Let's run and see what console output is:

----- PAYMENT MODULE -----
Size: 1
Stride: 1
Alignment: 1
--------------------------
------ SHOPPING APP ------
Size: 1
Stride: 1
Alignment: 1
--------------------------
Debug mode: true

Everything is normal. The Config struct has its size equal to the size of the isDebugMode boolean, which is 1 byte. We passed isDebugMode as true, so the PaymentModule printed it out as true.

Next is the fun part. We want to add a logging level to the NetworkModule. So we add one Int property with default value set to 0. This minor change is backward compatible because no public interface changed.

public struct Config {
    public var logLevel: Int = 0
    public let isDebugMode: Bool

    public init(isDebugMode: Bool) {
        self.isDebugMode = isDebugMode
    }
}

We rebuild the NetworkModule, and update our Shopping App with the new framework binary (v1.0.1)

shopping app with new networkmodule version

Now we do a clean build and run the Shopping App again. Let's see what happens.

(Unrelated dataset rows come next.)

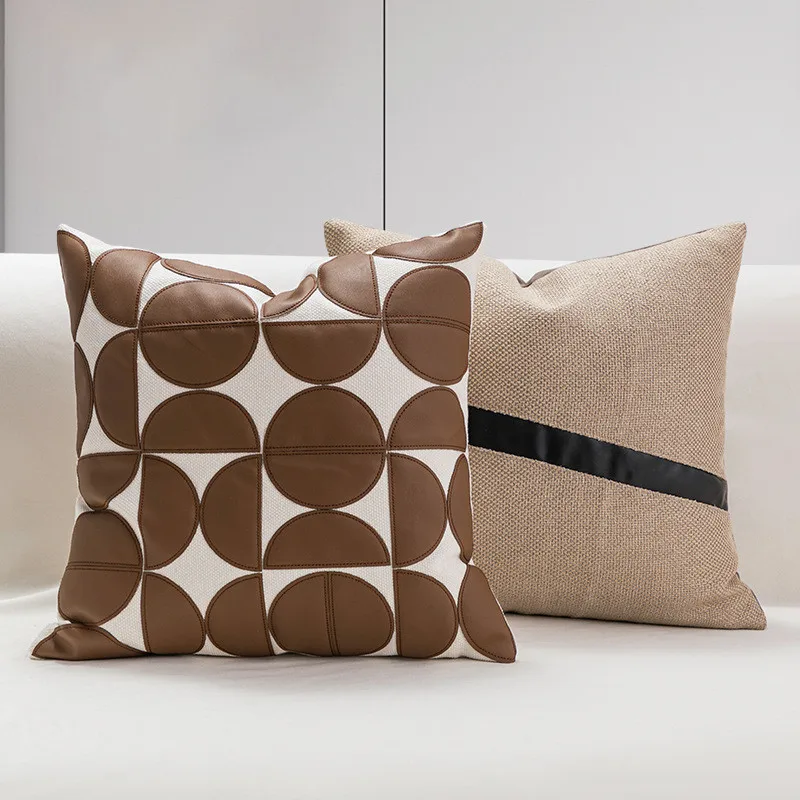 Geometric Leather Splicing Cushion Cover Luxury European Pillow Cover Cotton Linen PillowCase Home Decorative Sofa Throw Pillow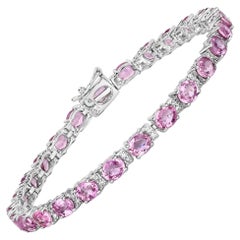 Natural Pink Sapphire and Diamond Tennis Bracelet 12.75 Carats 14k White Gold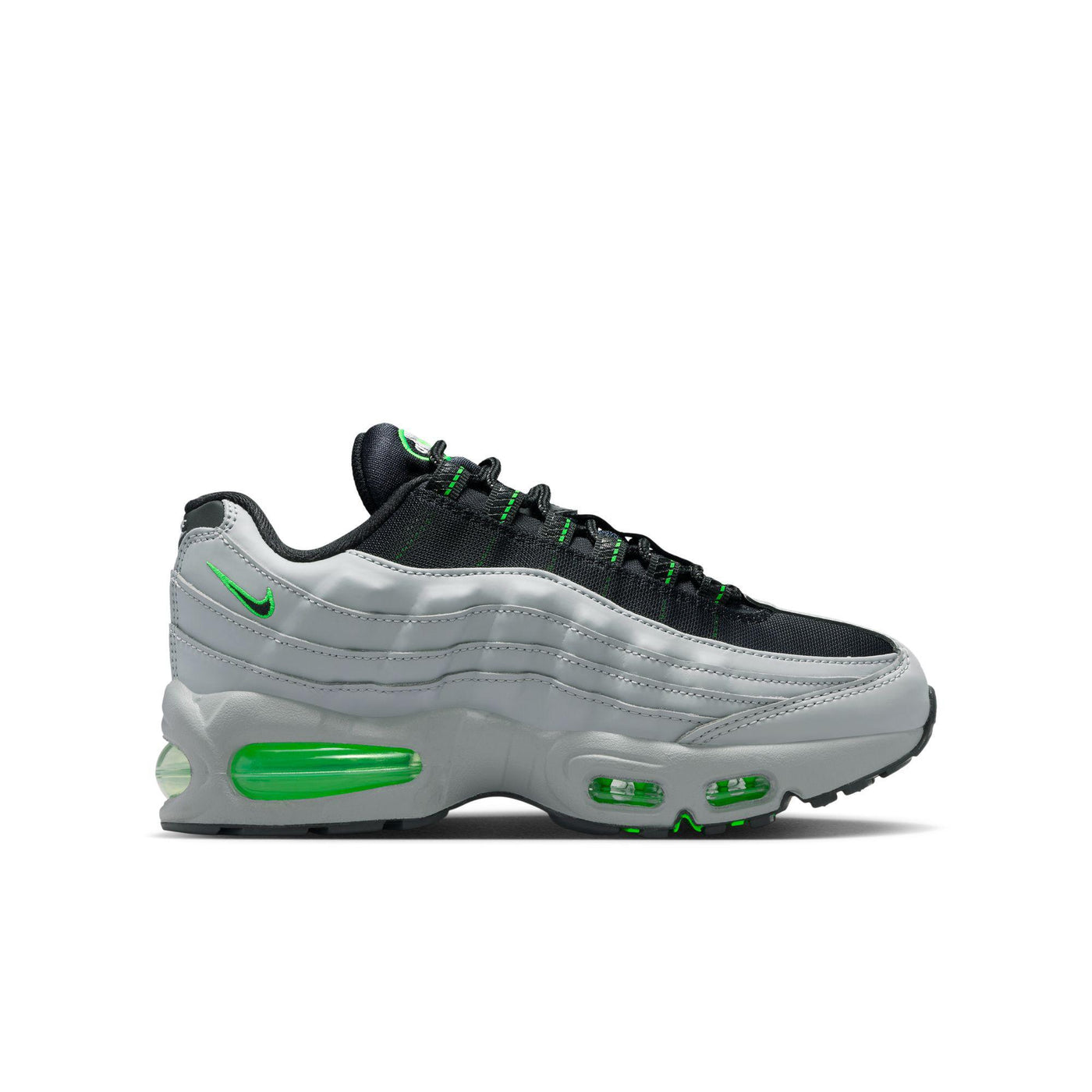 Nike Air Max 95 Big Kids' Shoes Light Smoke Grey/Black-Green Strike-White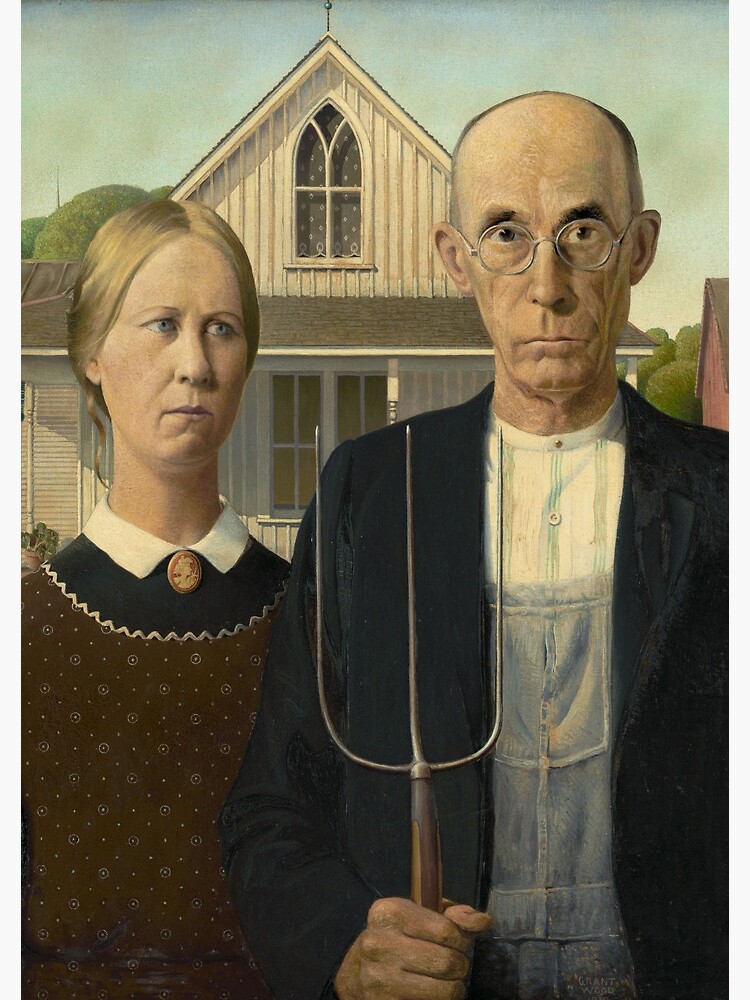 American Gothic Oil Painting by Grant Wood by podartist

----- PAYMENT MODULE -----
Size: 1
Stride: 1
Alignment: 1
--------------------------
------ SHOPPING APP ------
Size: 9
Stride: 16
Alignment: 8
--------------------------
Debug mode: false

Wait, they are telling different things. And why debug mode is false! 😨

This scenario is an example of Binary incompatible. PaymentModule was linked against the old version of NetworkModule. When linking, it relies on the old ABI of NetworkModule. Later on, we updated the NetworkModule in Shopping App without recompiling PaymentModule. So, when PaymentModule tried to read isDebugMode, it accessed the first byte, which is now the first byte of the logLevel integer (default to zero), representing false bool value.

Now let's turn on Library Evolution.

  • First, I edited all build scripts to enable BUILD_LIBRARY_FOR_DISTRIBUTION & removed the -allow-internal-distribution build param.
  • Revert NetworkModule to v1.0.0 and build PaymentModule.
  • Then I added logLevel again and built NetworkModule to the new version v1.0.1.
  • Finally, import PaymentModule (v1.0.0) and NetworkModule (v1.0.1) into ShoppingApp.

This time, PaymentModule, despite of linking against NetworkModule v1.0.0, printed out the correct Memory Layout of Config struct in v1.0.1 of NetworkModule, thanks to Library Evolution.

----- PAYMENT MODULE -----
Size: 9
Stride: 16
Alignment: 8
--------------------------
------ SHOPPING APP ------
Size: 9
Stride: 16
Alignment: 8
--------------------------
Debug mode: true

In the end

If you are distributing library as a binary package, then you should be aware of Binary Compatible and turn on Library Evolution & Module Stability. Also, please check out here for more optimization with @frozen keyword.